こうして、暗黒星の本日の集会は終わった。
そうなると、集まった犯罪者たちは、それぞれが、速やかに、自分のアジトへと帰っていくのである。仲間にだって場所を教えていない自分だけのアジトへと。しかし、今日は違った。
魔術師がプラネタリウム会場から出て行こうとすると、その前に、人間ヒョウが立ちふさがったのだ。
「おい、魔術師」と、ニタニタ笑いながら、人間ヒョウが、気安く、魔術師にと話しかけた。
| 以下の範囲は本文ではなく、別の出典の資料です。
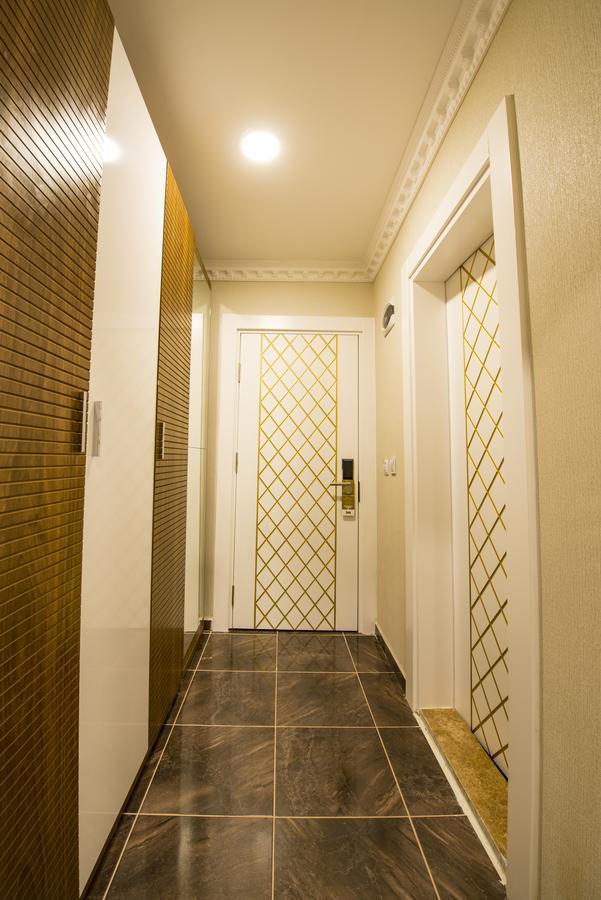 Kars-I Si̇Ri̇N Otel Eksteriør bilde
魔術師の方は、気難しい表情を浮かべているだけで、何も言おうとはしなかった。
すると、人間ヒョウは、もっと馴れ馴れしく、魔術師のそばに近づいたのである。
「なあ、魔術師。どうして、娘は、ここには連れてこないんだ?たまには、会わせてくれよ」人間ヒョウは、ヘラヘラ笑って、そんな事を魔術師に告げたのだった。
「娘?何の事かね」と、魔術師。
「おいおい、しらばっくれるんじゃないよ。分かってるんだぜ。ほら、あの女は、お前の実の娘なんだろ?オレたちにまで隠さなくてもいいんだぜ」
「私には娘はいない。そんなのは、知らんよ」
魔術師は、あくまで突っぱねて、去っていこうとしたのだった。
そんな魔術師の背中へと、人間ヒョウは大声で訴えたのだ。
「オレ様はさあ、玉村家の小生意気なお嬢様なんかよりも、お前の娘の方が、ずうっと好みなんだぜ!娘に、そう伝えといてくれよな。おい、必ずだぞお!」
そして、人間ヒョウは、いつまでも、いやらしく笑い続けたのであった。